# AVAILABLE RECORDS:
>>
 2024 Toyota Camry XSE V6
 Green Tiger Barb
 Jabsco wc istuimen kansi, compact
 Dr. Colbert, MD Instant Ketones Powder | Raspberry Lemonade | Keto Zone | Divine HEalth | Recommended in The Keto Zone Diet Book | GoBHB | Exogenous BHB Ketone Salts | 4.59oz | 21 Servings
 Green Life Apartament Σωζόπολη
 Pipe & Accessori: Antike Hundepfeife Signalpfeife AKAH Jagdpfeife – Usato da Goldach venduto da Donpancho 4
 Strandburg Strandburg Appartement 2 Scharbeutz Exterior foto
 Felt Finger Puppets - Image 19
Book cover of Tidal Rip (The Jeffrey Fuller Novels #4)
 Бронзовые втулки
<<
>>
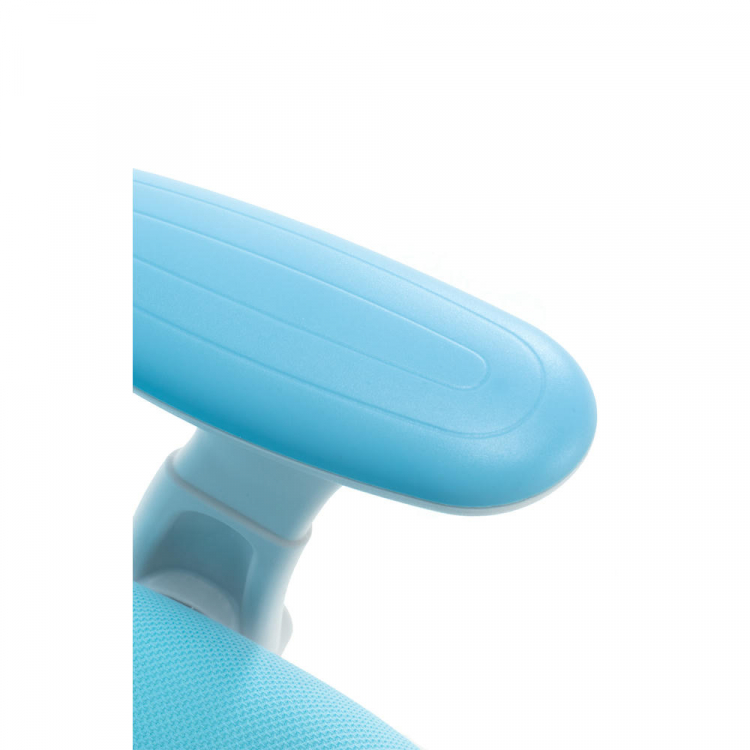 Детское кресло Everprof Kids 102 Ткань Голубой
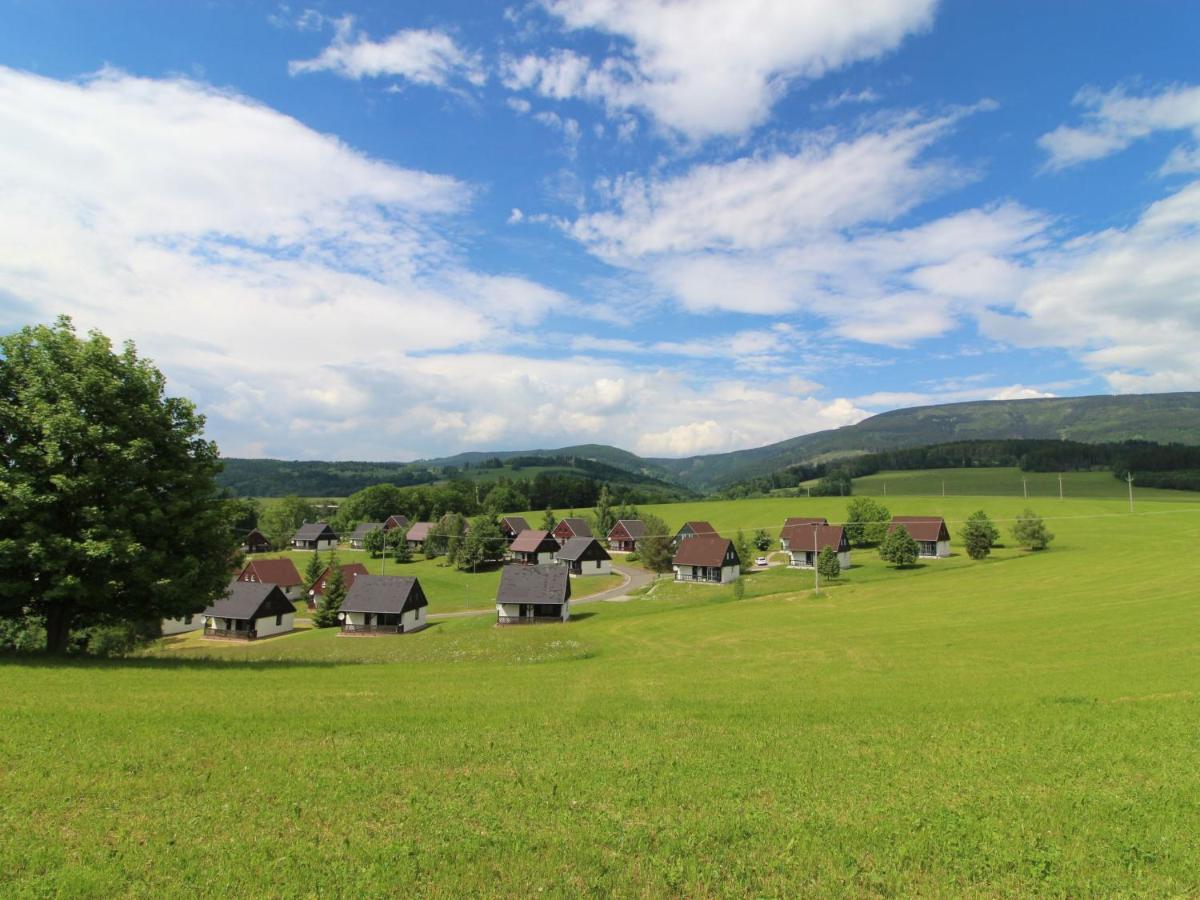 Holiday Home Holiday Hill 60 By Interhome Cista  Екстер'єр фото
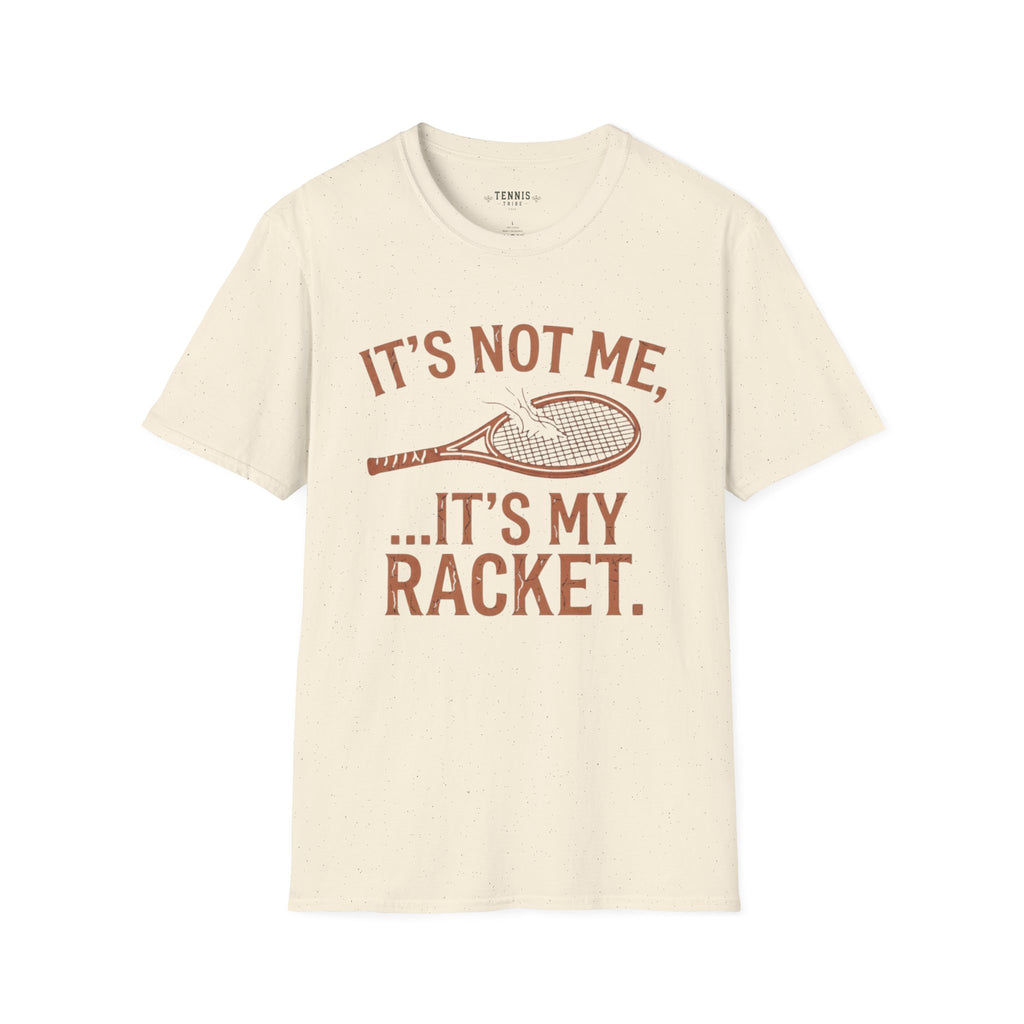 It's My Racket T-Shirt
<<
>>
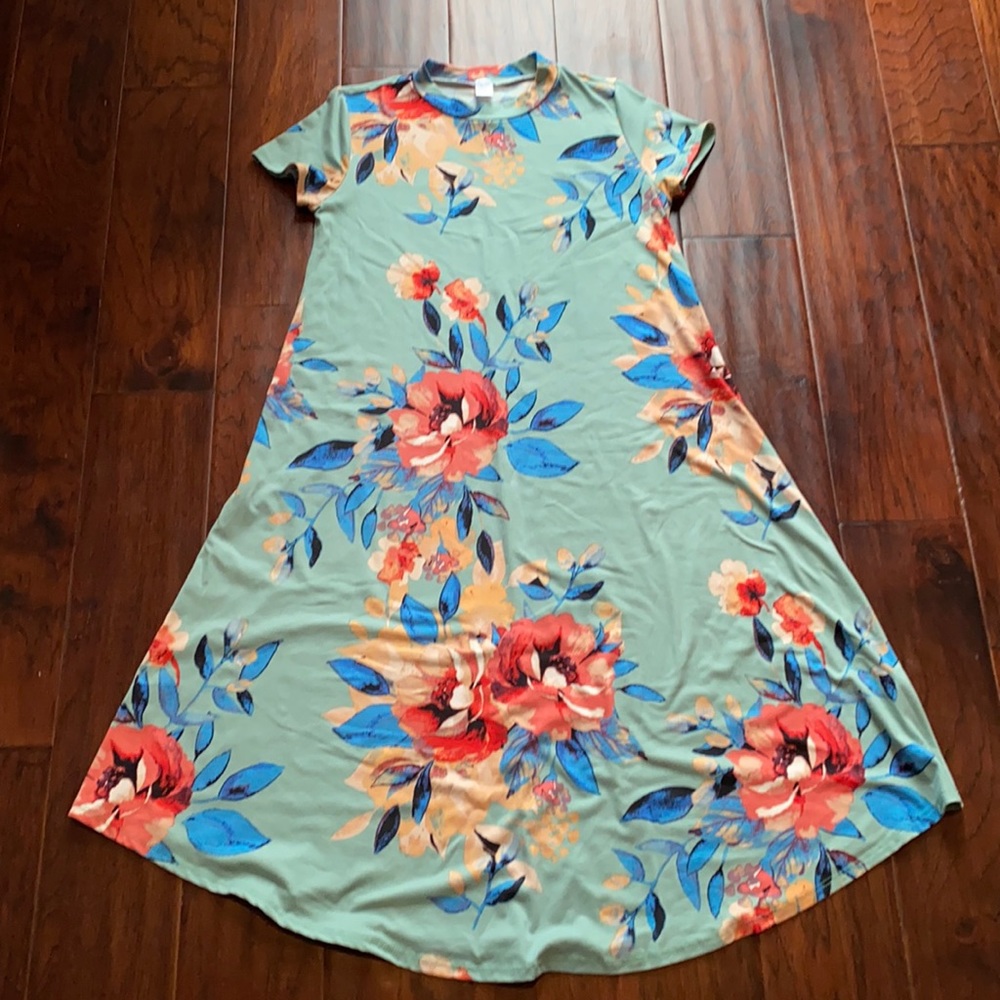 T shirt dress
<<
Show, from the listing above, every line holding the word "Green".

 Green Tiger Barb
 Green Life Apartament Σωζόπολη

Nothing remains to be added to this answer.